* all images property of Jeff Phegley (www.jeffphegley.com)

Thursday, January 24, 2008

Painting on view at Coos Art Museum

My painting entitled Bastogne is currently on display in the Bay Area Artists Association Regional Juried Exhibition. The show will be on view at the Coos Art Museum through February 16, 2008. The work can also be viewed online at:
Coos Art Museum

Bastogne was completed in 2007 and incorporates an old Pepsi crate as the frame for the work. The oil painting is composed on 11 raised panels within the Pepsi crate. The painting was inspired by the Siege of Bastogne, a significant World War II battle which took place in the city of Bastogne, located in the Southeast corner of Belgium. The battle was an important Allied success amidst the larger Battle of the Bulge, in which the Allies were victorious in holding off the western advancing German Army.

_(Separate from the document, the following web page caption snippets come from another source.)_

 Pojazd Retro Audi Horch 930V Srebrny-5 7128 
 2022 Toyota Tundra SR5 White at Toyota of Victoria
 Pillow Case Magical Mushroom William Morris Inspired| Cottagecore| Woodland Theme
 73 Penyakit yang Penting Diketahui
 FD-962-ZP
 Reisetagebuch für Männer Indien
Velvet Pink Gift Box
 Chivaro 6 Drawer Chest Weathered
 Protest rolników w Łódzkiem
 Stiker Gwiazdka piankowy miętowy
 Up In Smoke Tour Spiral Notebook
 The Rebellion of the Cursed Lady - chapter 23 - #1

I was fortunate enough to visit the battlefields and memorial in early 2007 and was very shocked to learn of the severe cold conditions in which the Americans and the Germans had to fight. This work is about a veteran (Allied or German) returning to the site of the battlefield and reflecting on those events.

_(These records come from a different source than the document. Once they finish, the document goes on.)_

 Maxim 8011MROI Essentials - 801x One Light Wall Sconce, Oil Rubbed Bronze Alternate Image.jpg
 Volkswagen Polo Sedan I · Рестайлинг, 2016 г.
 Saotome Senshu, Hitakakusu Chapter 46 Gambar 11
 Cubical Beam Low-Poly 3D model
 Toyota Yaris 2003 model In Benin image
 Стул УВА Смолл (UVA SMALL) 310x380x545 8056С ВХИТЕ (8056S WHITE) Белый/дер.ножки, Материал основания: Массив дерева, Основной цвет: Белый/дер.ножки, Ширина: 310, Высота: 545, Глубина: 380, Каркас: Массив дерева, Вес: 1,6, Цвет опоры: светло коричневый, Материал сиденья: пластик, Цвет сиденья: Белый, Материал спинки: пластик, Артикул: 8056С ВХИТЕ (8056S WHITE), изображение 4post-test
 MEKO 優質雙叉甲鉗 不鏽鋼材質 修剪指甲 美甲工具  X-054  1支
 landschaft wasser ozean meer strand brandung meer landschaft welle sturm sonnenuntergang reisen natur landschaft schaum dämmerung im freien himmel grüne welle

The Bastogne Mardasson Memorial is an impressive site which was dedicated to the US by the Belgian citizens in 1950. The memorial can be seen from several miles away as it situated on a grassy hill surrounded by lower lying pastures. Approaching the stone memorial, 250 feet in diameter and 40 feet in height, you feel as if you are at the National Mall in Washington DC. A large structure devoted to US servicemen seems completely out of place overlooking the small Belgian city of Bastogne. Once you grasp the significance of the Siege (both in the loss of human life and in what was at stake militarily) it is easy to experience a swell of emotion and realize how incredibly different the world would be if the German Army had succeeded here. At the top of the memorial you are graced with an amazing panoramic view of the peaceful countryside of Bastogne. Flat bronze markers on the top of the monument contain battle descriptions in relief as well as arrows pointing towards the various battlefields within sight of the memorial.